Выбрать главу

— Давай самочек делить, — сразу приступил к делу Лёня. — Я давеча подумал и решил, что согласен на любую.

— Я, в общем, тоже. Так что пускай они сначала сами нас поделят. В нас разницы больше — я, например, в очках.

— Это неправильно. Ты хоть и в очках, зато вон какой красавец. К тому же князь. А я мало того что еврей, так ещё и урод — нос крючком, голова торчком, а на рябом рыле горох молотили. Вдруг они обе на тебя глаз положат? Надо упредить.

— Никакой ты не урод — это в тебе так маскулинарный демонизм проступает, а он в этих делах дорогого стоит. И потом, что значит упредить?
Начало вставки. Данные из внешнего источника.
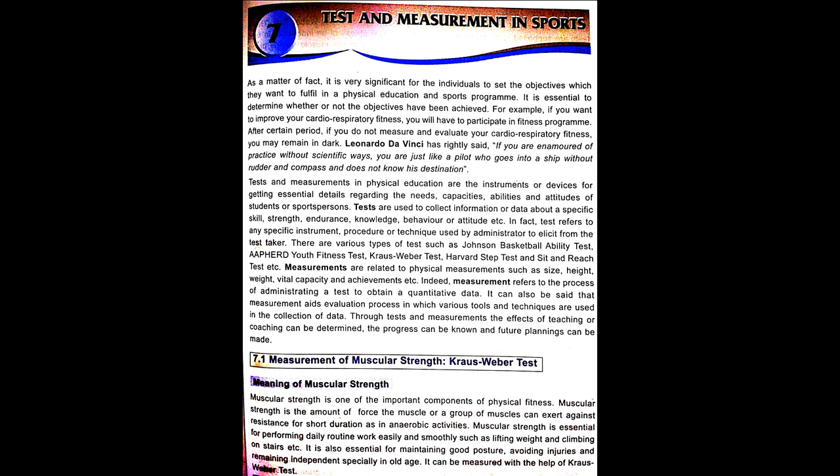Measurements are related to physical measurements such as size, height, weight, vital capacity and achievement. Indeed, measurement refers to the process of administrating a test to obtain quantitative data. It can also be said that measurement aids the evaluation process in which various tools and techniques are used in the collection of data. Through tests, the measurements and the effects of teaching or coaching can be determined, the progress can be known, and future planning can be made.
— Их делить легче — они одной чеканки. Я ту, что справа будет, цап-царап — и поведу мороженым кормить, а ты бери другую вместе с мопсом и ступай в беседку им по-французски Малларме читать.

— А мопс мне зачем?

— Он тебя уже знает. И вообще, демонизм демонизмом, но ты должен мне поддаваться, чтобы всё было по-честному — у тебя как у титульной нации фора, а это в свете гуманистических идей не по-людски.

Я в свете гуманистических идей тебя абсентом потчую — и того довольно.

— Фи, какие вы, ваша светлость, не тонкие.

— Ещё скажи — хам, мужлан, быдло.

— Хам, мужлан, быдло.

— А по сопатке?

Близнецы опоздали на двадцать минут и сразу отвергли саму возможность разъединения.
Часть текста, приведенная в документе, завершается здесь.